▸ **PROBLEM DESCRIPTION**: Make an exact copy of all the entries below, with the pictures left out.

▸ **DATA FOR THIS TASK**:
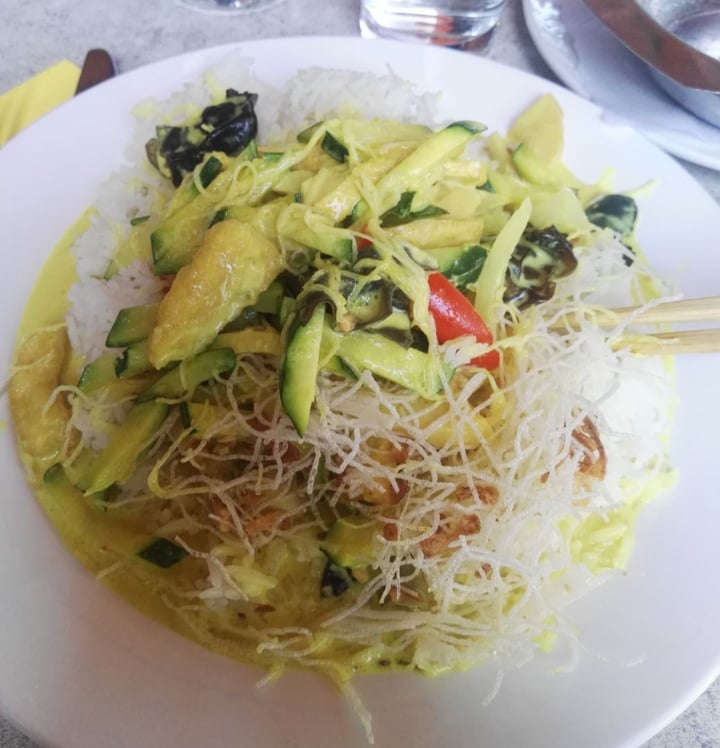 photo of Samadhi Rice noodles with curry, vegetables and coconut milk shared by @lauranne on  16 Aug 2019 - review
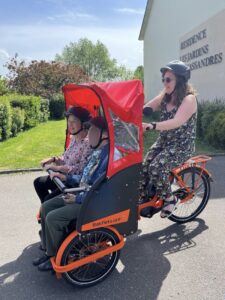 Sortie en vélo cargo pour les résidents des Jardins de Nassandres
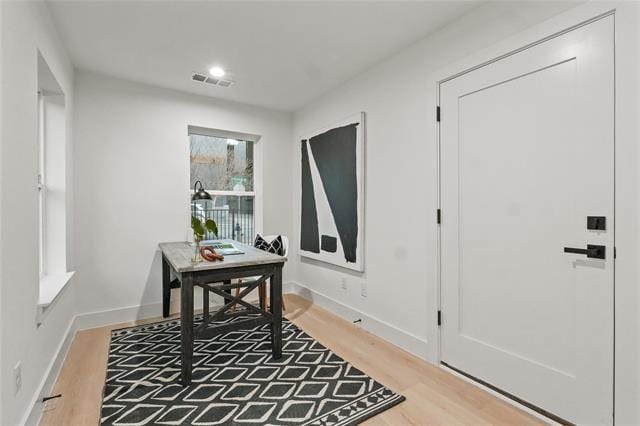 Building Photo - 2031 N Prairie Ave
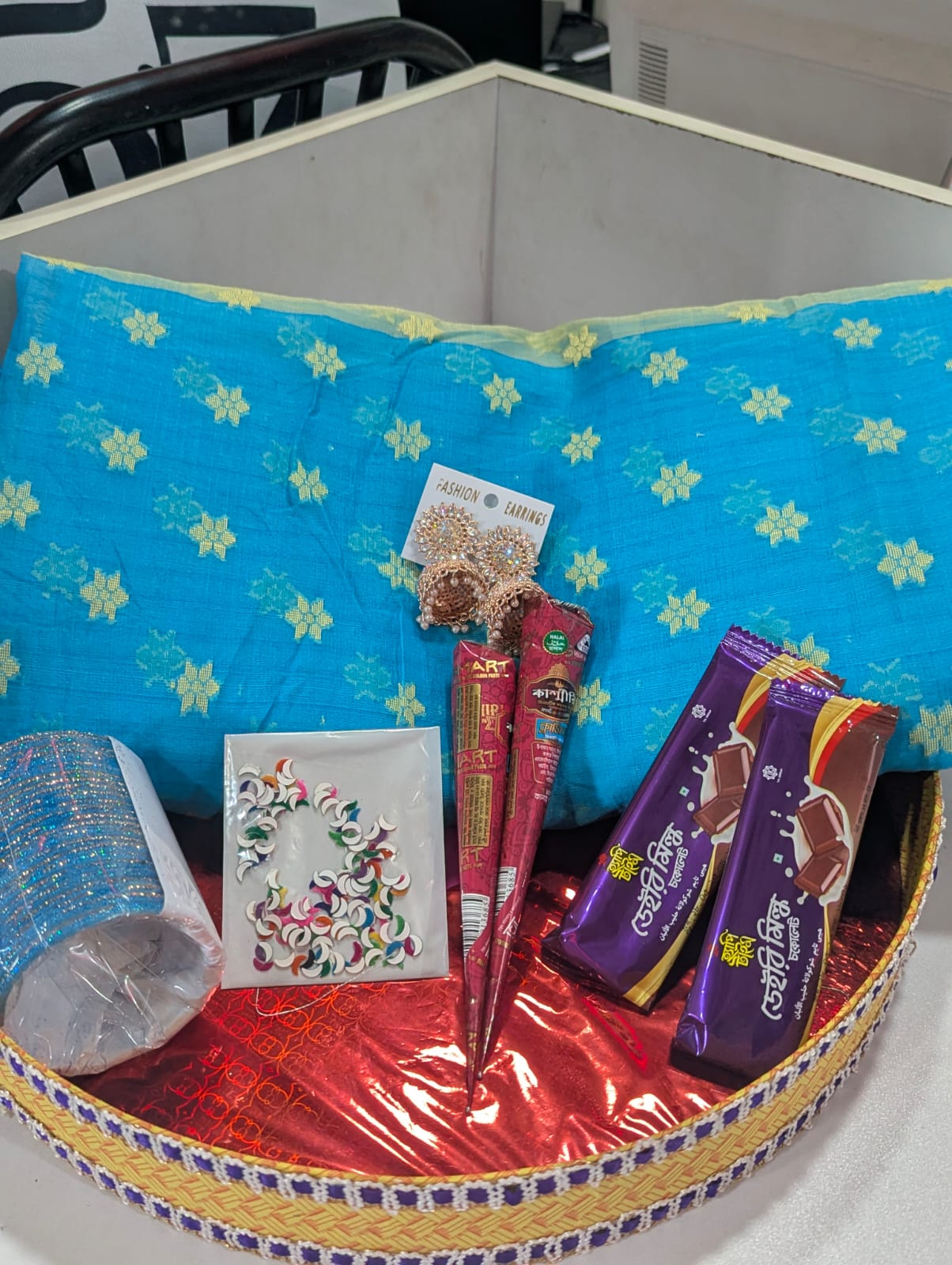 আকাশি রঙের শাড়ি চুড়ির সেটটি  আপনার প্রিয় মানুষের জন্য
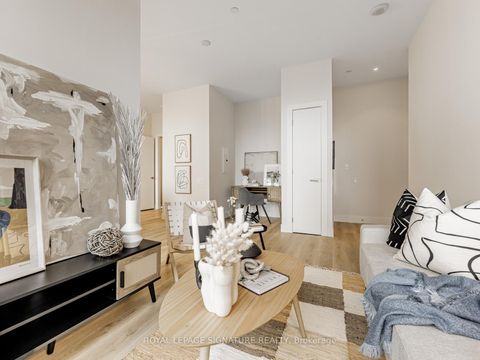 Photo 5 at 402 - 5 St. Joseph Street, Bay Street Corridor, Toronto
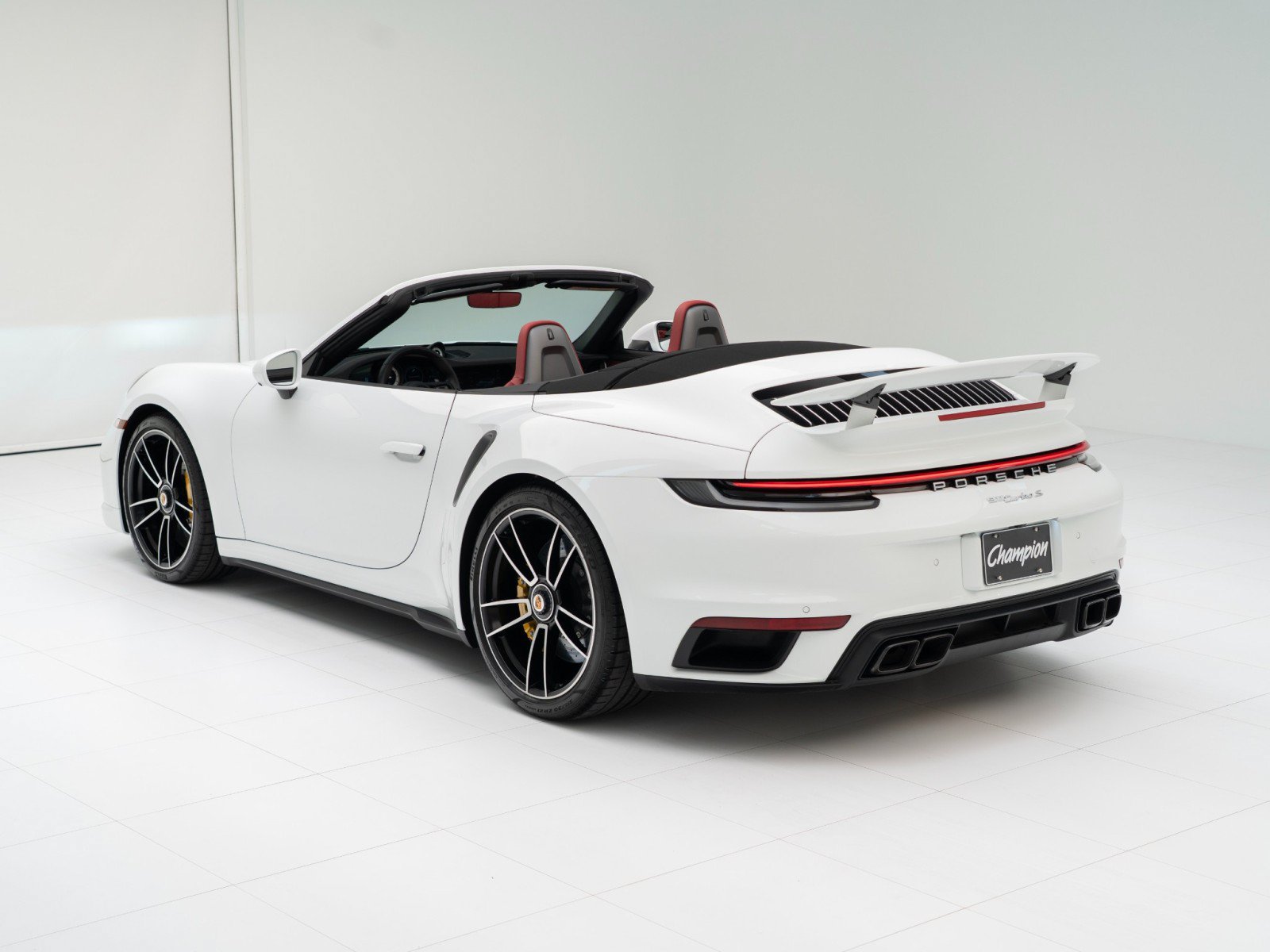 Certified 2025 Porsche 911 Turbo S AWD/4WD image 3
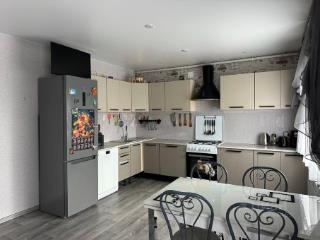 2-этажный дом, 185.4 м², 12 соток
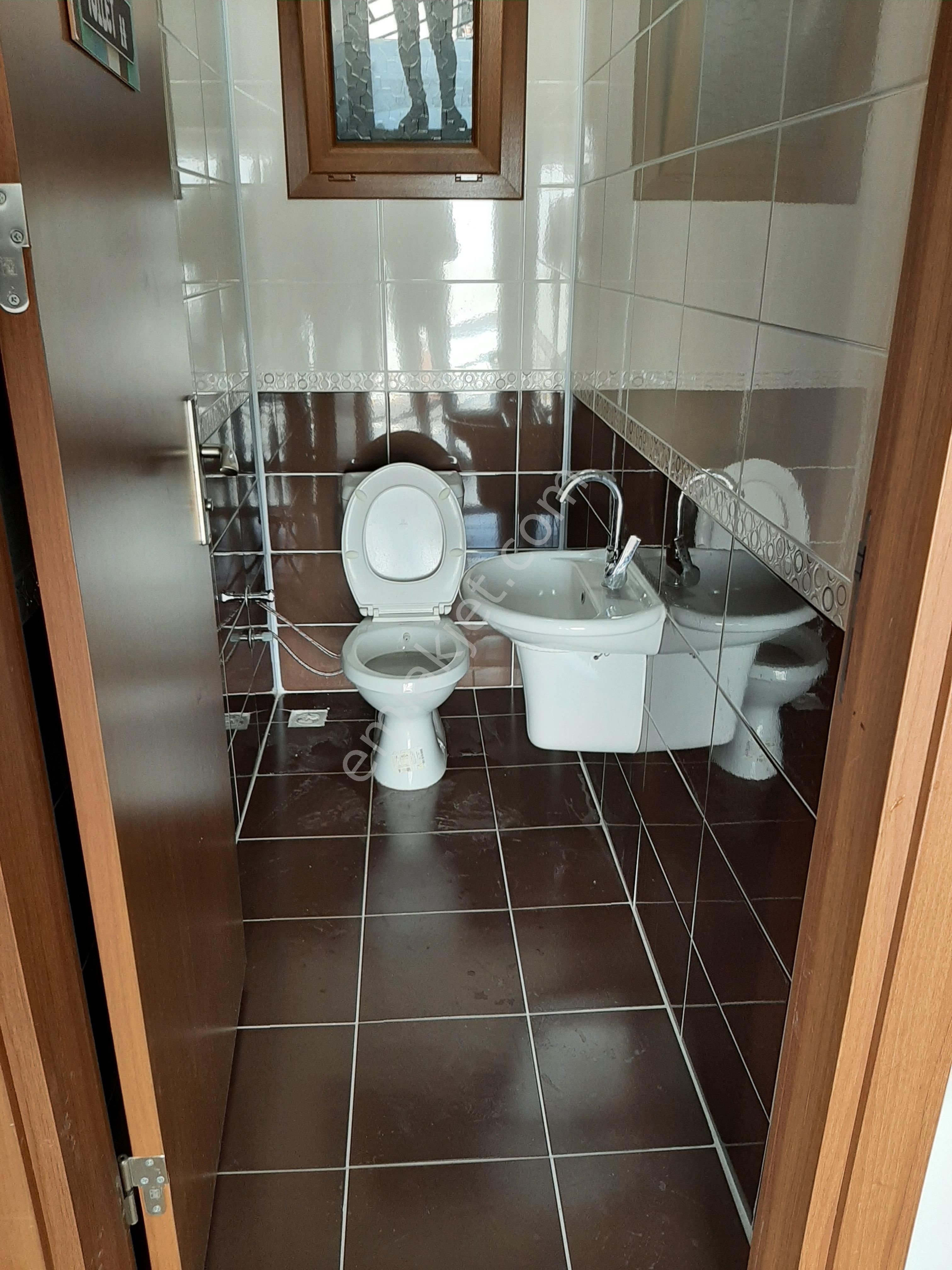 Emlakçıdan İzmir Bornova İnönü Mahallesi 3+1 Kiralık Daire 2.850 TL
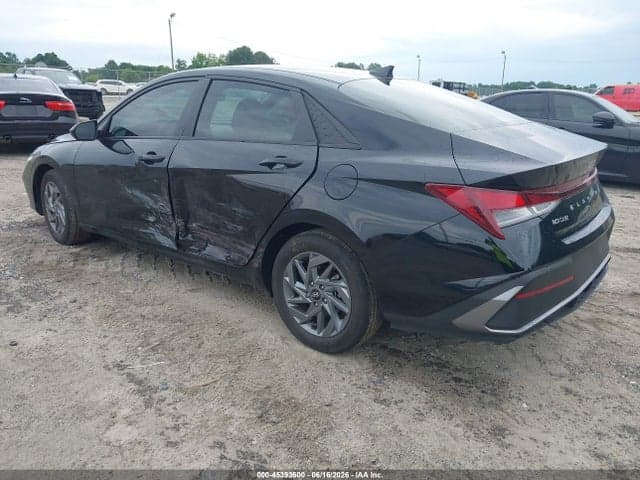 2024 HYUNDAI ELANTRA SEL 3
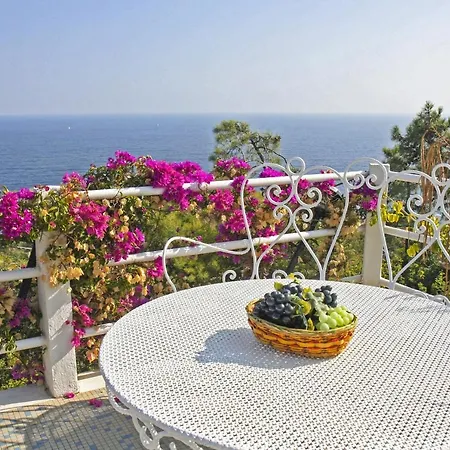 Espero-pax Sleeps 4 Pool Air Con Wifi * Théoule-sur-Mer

▸ **YOUR SOLUTION**:
 photo of Samadhi Rice noodles with curry, vegetables and coconut milk shared by @lauranne on  16 Aug 2019 - review
 Sortie en vélo cargo pour les résidents des Jardins de Nassandres
 Building Photo - 2031 N Prairie Ave
 আকাশি রঙের শাড়ি চুড়ির সেটটি  আপনার প্রিয় মানুষের জন্য
 Photo 5 at 402 - 5 St. Joseph Street, Bay Street Corridor, Toronto
 Certified 2025 Porsche 911 Turbo S AWD/4WD image 3
 2-этажный дом, 185.4 м², 12 соток
 Emlakçıdan İzmir Bornova İnönü Mahallesi 3+1 Kiralık Daire 2.850 TL
 2024 HYUNDAI ELANTRA SEL 3
 Espero-pax Sleeps 4 Pool Air Con Wifi * Théoule-sur-Mer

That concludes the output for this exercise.